Tuesday, December 17, 2019

QUOTES: Rob Roy, Sir Walter Scott, 1829, Volume 1, Ch.3


"[...] The preceding lines refer to an unfortunate navigator, who daringly unloosed from its moorings a boat, which he was unable to manage, and thrust it off into the full tide of a navigable river. No schoolboy, who, betwixt frolic and defiance, has executed a similar rash attempt, could feel himself, when adrift in a strong current, in a situation more awkward than mine, when I found myself driving, without a compass, on the ocean of human life. There had been such unexpected ease in the manner in which my father slipt a knot, usually esteemed the strongest which binds society together, and suffered me to depart as a sort of outcast from his family, that it strangely lessened the confidence in my own personal accomplishments, which had hitherto sustained me. Prince Prettyman, now a prince, and now a fisher's son, had not a more awkward sense of his degradation.
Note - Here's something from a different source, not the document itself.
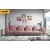 Komplet slik cvetje v vintage stilu - 4x 60x60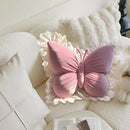 Almofada Decorativa Laço Borboleta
We are so apt, in our engrossing egotism, to consider all those accessories which are drawn around us by prosperity, as pertaining and belonging to our own persons, that the discovery of our unimportance, when left to our own proper resources, becomes inexpressibly mortifying. [...]"
Sir Walter Scott, Rob Roy, Vol.1, Ch.3, First Ed. 1829

"In the meanwhile, I was lord of my person, and experienced that feeling of independence which the youthful bosom receives with a thrilling mixture of pleasure and apprehension."